» Task to carry out
Copy exactly the lines from the start of the material through the line with "Comfortable main bedroom". Pictures stay out of the copy.

» Data provided
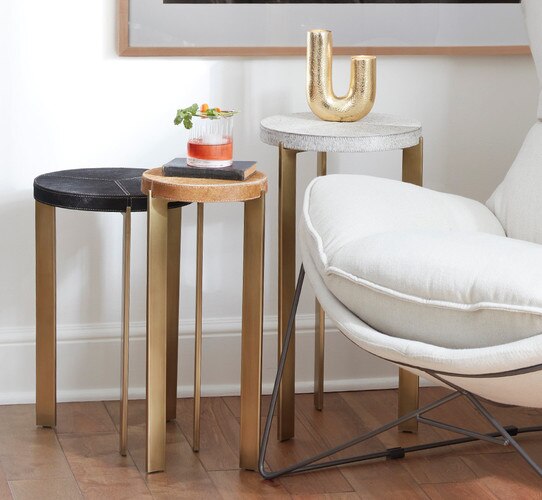 Nexting brass tables beside a white chair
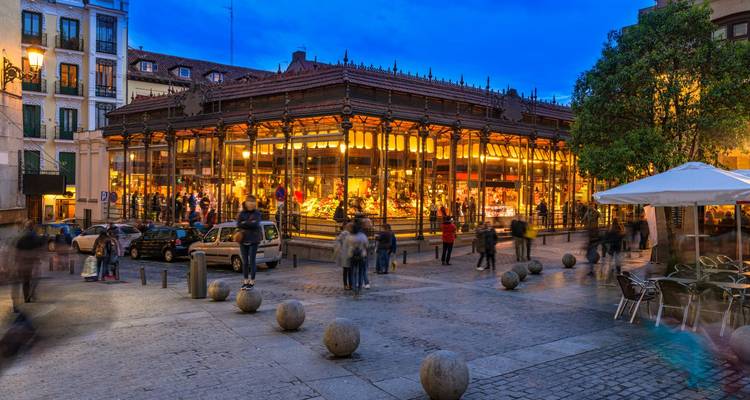 Bustling market square with glass building, illuminated at night.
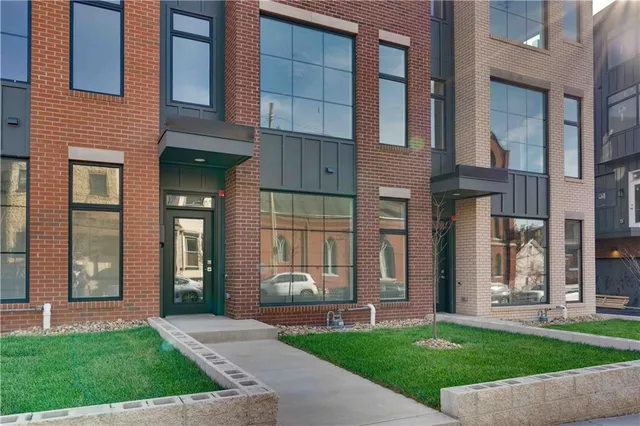 a view of city with tall buildings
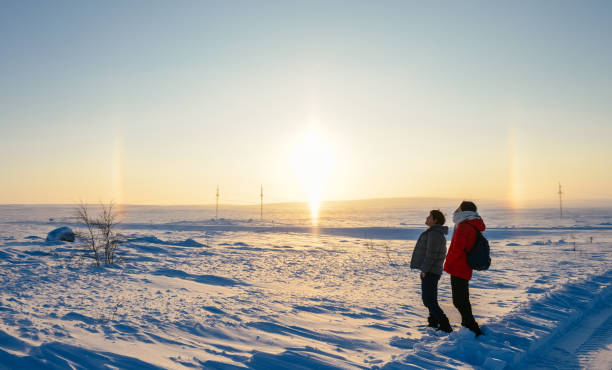 istock Asian couple looking at rainbow and sun in Arctic 1138655168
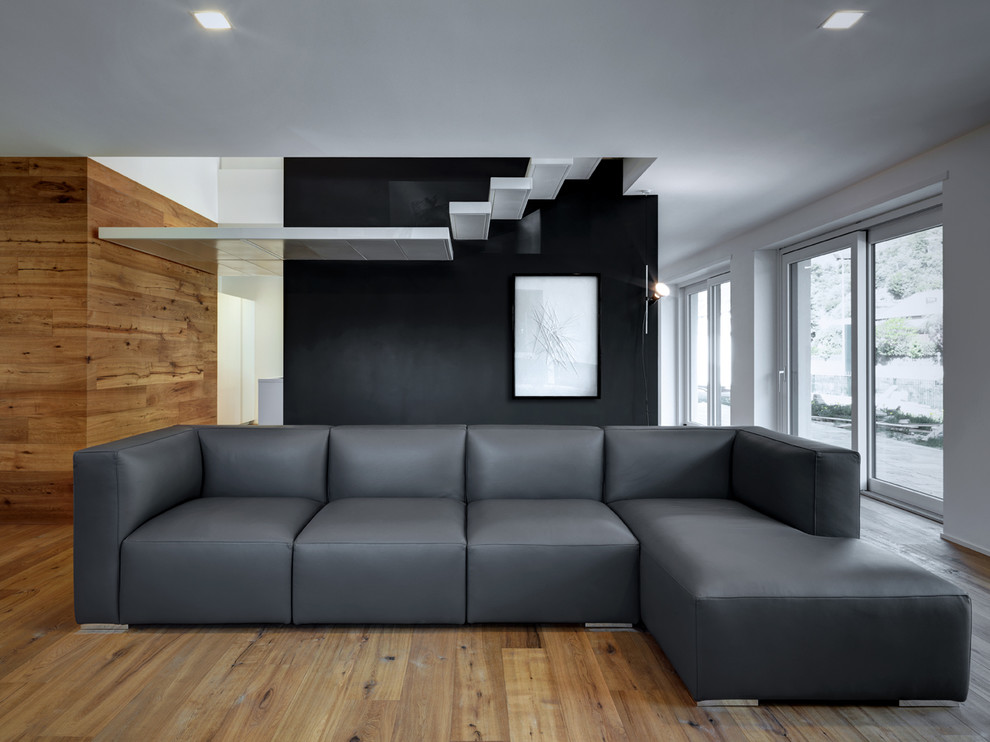 Bild på ett funkis vardagsrum, med svarta väggar och mellanmörkt trägolv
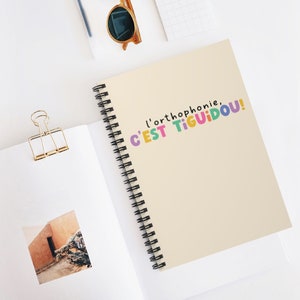 May include: A cream-coloured spiral notebook with the text "l'orthophonie, C'EST TIGUIDOU!" in colourful letters.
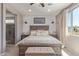 Comfortable main bedroom featuring elegant decor, ample natural light, and a cozy ambiance at 23179 S 225Th Pl, Queen Creek, AZ 85142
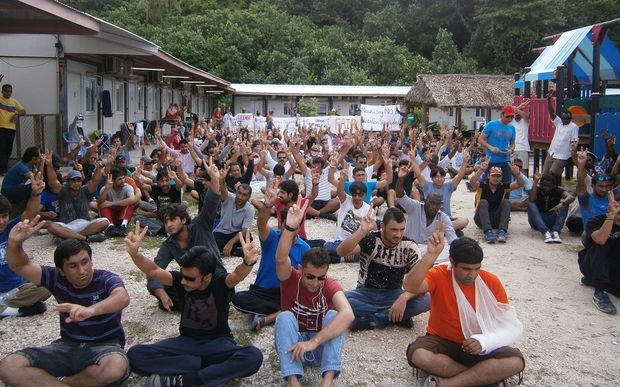 Refugees protest on Nauru against offshore processing in defiance of a new law requiring 7 days notice of a protest.
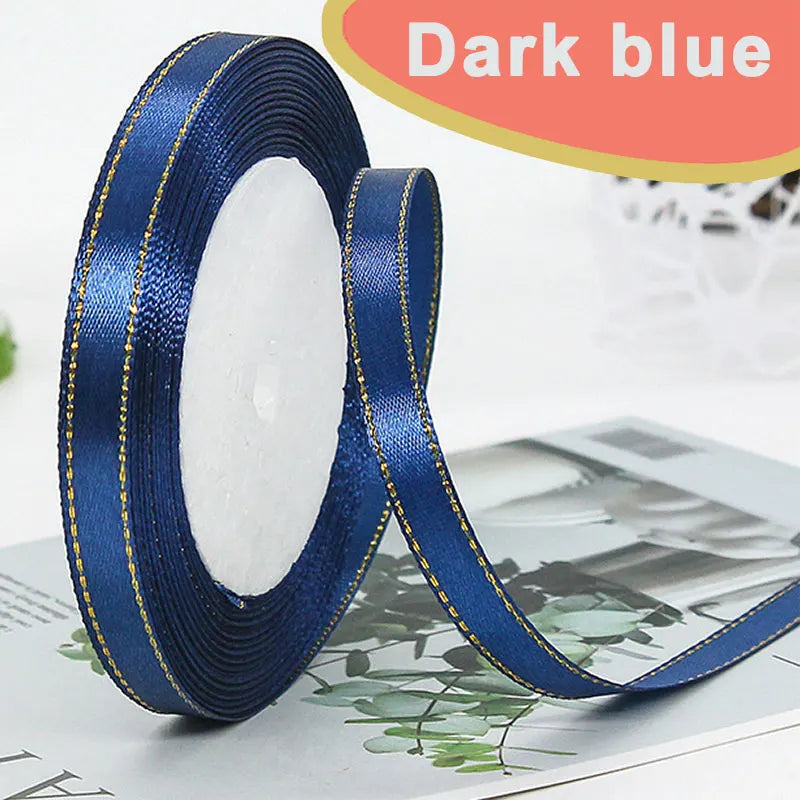 Roll of dark blue satin ribbon with gold edge and a white center, displayed on a surface.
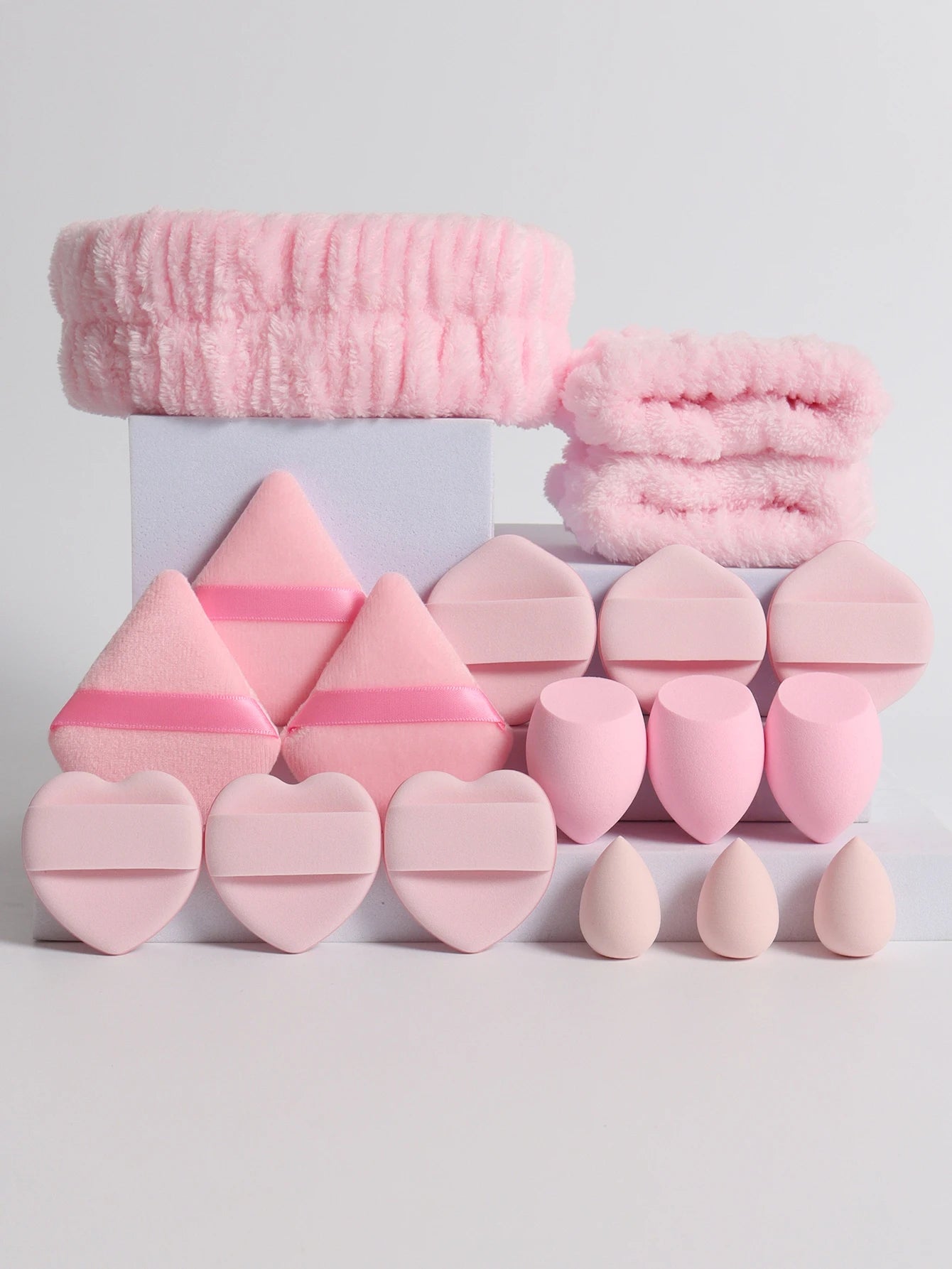 18 piece headband set. 1 hair band & 2 wrist bands & 3 make-up Sponges & 3 Mini Square Air Cushions & 3 triangular powder puff & Beauty World Shop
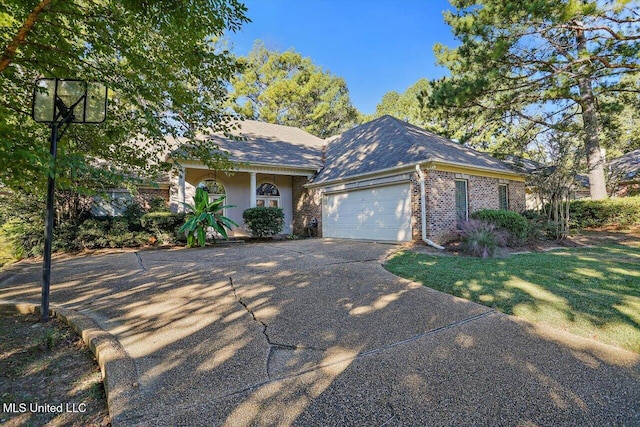 ranch-style home featuring a front lawn and a garage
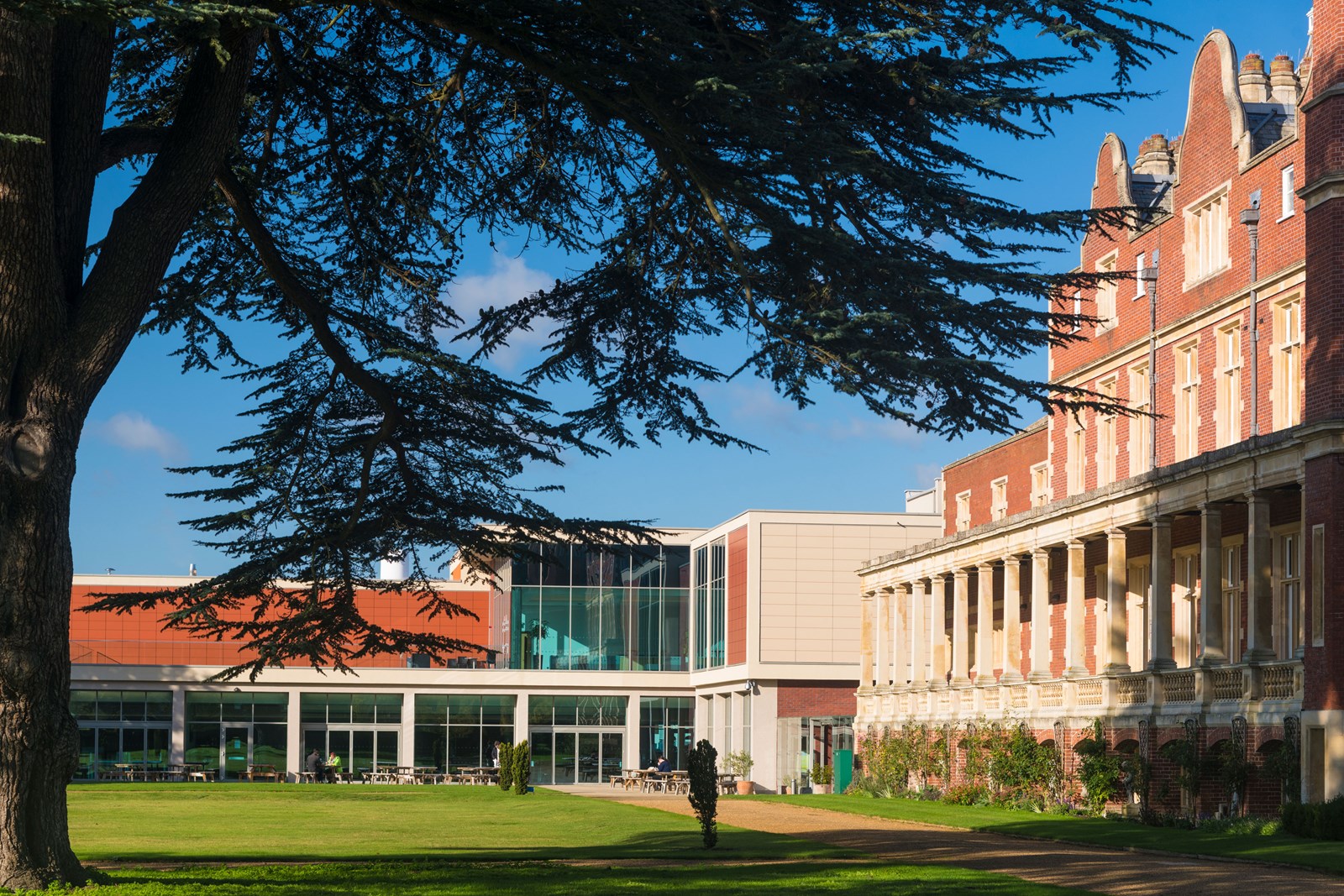 A grand brick building on grass that is part of the Babraham Research Campus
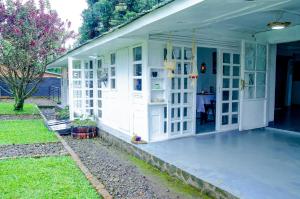 une terrasse couverte blanche d'une maison avec une table dans l'établissement MASHA ARTS STUDIO, à Ruhengeri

» Answer space
 Nexting brass tables beside a white chair
 Bustling market square with glass building, illuminated at night.
 a view of city with tall buildings
 istock Asian couple looking at rainbow and sun in Arctic 1138655168
 Bild på ett funkis vardagsrum, med svarta väggar och mellanmörkt trägolv
 May include: A cream-coloured spiral notebook with the text "l'orthophonie, C'EST TIGUIDOU!" in colourful letters.
 Comfortable main bedroom featuring elegant decor, ample natural light, and a cozy ambiance at 23179 S 225Th Pl, Queen Creek, AZ 85142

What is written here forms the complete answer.